4. How will you attract, retain and fund the the right talent?
Finding high-potential talent and architecting the right culture to help employees thrive isn’t just about providing a foosball table or a swanky office in SoHo or lower Manhattan. It’s about keeping pace with the needs of an extraordinary new generation of globally mobile, aspiring and principled tech-literate workers with a different barometer for workplace satisfaction and a healthy disrespect for conventional measures of career progression. While many client-side employers can do that, most struggle.

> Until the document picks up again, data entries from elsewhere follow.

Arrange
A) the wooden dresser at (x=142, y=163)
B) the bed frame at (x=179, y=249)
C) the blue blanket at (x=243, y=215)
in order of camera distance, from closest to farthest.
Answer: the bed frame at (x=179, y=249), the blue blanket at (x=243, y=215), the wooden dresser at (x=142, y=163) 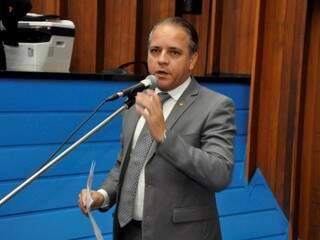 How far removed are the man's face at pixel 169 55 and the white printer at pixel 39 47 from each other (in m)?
0.92

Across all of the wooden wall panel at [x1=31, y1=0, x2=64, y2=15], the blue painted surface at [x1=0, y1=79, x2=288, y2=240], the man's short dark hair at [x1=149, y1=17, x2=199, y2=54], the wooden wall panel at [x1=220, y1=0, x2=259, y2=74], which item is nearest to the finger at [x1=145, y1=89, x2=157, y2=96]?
the man's short dark hair at [x1=149, y1=17, x2=199, y2=54]

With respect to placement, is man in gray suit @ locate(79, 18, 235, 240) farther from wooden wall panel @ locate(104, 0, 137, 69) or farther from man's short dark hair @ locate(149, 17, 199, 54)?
wooden wall panel @ locate(104, 0, 137, 69)

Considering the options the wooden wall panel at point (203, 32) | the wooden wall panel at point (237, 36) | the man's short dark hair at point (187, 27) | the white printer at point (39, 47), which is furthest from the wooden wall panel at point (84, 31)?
the man's short dark hair at point (187, 27)

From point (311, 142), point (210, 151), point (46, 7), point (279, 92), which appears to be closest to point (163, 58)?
point (210, 151)

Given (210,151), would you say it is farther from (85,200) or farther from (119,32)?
(119,32)

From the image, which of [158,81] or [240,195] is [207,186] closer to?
[158,81]

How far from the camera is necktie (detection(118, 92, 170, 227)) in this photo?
1.46 metres

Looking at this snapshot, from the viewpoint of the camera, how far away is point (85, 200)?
55.9 inches

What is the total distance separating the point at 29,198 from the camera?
2.22m

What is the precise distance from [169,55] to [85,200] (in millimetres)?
476

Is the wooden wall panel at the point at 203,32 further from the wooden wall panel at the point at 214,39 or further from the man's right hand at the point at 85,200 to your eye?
the man's right hand at the point at 85,200

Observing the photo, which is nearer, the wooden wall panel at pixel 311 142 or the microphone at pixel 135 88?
the microphone at pixel 135 88

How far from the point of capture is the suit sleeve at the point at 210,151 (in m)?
1.29

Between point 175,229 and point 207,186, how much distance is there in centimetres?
16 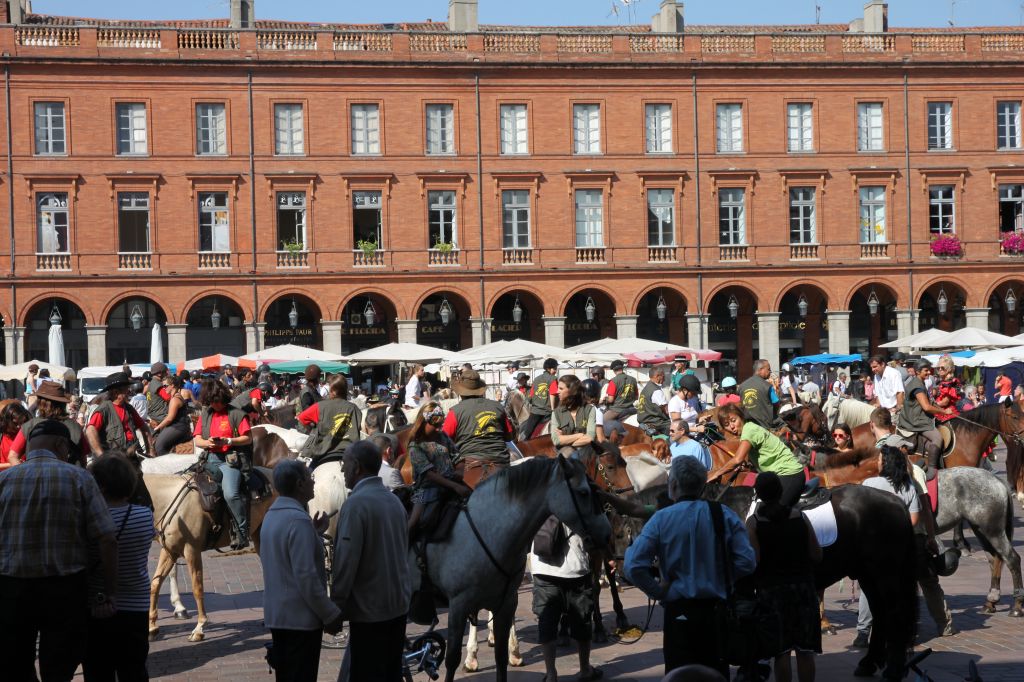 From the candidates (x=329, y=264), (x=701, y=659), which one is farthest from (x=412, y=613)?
(x=329, y=264)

In-house marketers are also at a disadvantage when it comes to tapping highly specialized skills where they may not have the need for a whole person, the whole time. For the average mid-sized advertiser, advanced statistical modeling, big data solution design, proper privacy and compliance oversight and strategic partnership management might be financially unviable though dedicated in-house resources.
Even if you can get all the right people at all the right times, agency life has taught me that the variety agencies can offer their people is valuable for them and also for their clients. People get fatigued, but a new challenge or client relationship can mean a new lease on life.
5. Have you thought about the endgame?
In-housing got hip with the advent of mainstream programmatic buying. Marketers saw an opportunity to go straight to the source, platforms were only happy to oblige and agencies didn’t do themselves any favors.
Yet critical questions were glossed over that are now coming into focus: If all media is going digital and all digital is going programmatic, are in-housers ready to take on all media? Was that their intent, or has a tactical opportunity spiraled into something much less strategically palatable? If it’s not all programmatic and in-house, are “the leftovers” something to which they will be able to attract great agency talent? Will the benefits of proximity outweigh the downsides of fragmentation?
The ability to operate platform campaigns shouldn’t be confused with the ability to form solid perspectives about the broader media landscape, negotiate effectively and avoid finding oneself at an information or commercial disadvantage.
In the meantime, setting boundaries on this stuff is very tricky. It’s not uncommon now to see RFPs for management of programmatic media only, working alongside a “traditional” media team, or vice versa. Separating media along these lines is a tough proposition that requires inordinate amounts of refereeing and an ever-changing set of rules as different inventory sources become programmatically enabled.
6. Why are you really doing this?
The questions above might help marketers consider whether they could insource their media management. But the most important question is whether they should.
For some companies, marketing is their lifeblood and their media footprint is a virtual extension of their customer experience. Casual mobile gaming, for example, is really a digital marketing business first and a software experience design business second. For most, running a full-service media management business and all the apparatus to underpin it, keep it current and attract the right kind of people has the potential to be a grave distraction.
The best-run companies have clear strategic focus. Some may gain advantage from in-house media operations, but the rationale needs to be stronger than cutting costs in an industry with incredibly thin margins already.
I would contend that a well-managed agency engagement – with transparency, positive intent, the right compensation structure, the right ownership of data and platforms and alignment behind the right objectives – can be effective under almost any circumstances. This represents a whole lot less risk and effort than pulling media operations in-house. When it does make sense to move forward with in-housing, it should always be a long-term strategic business decision without even a sniff of either knee-jerking or empire building.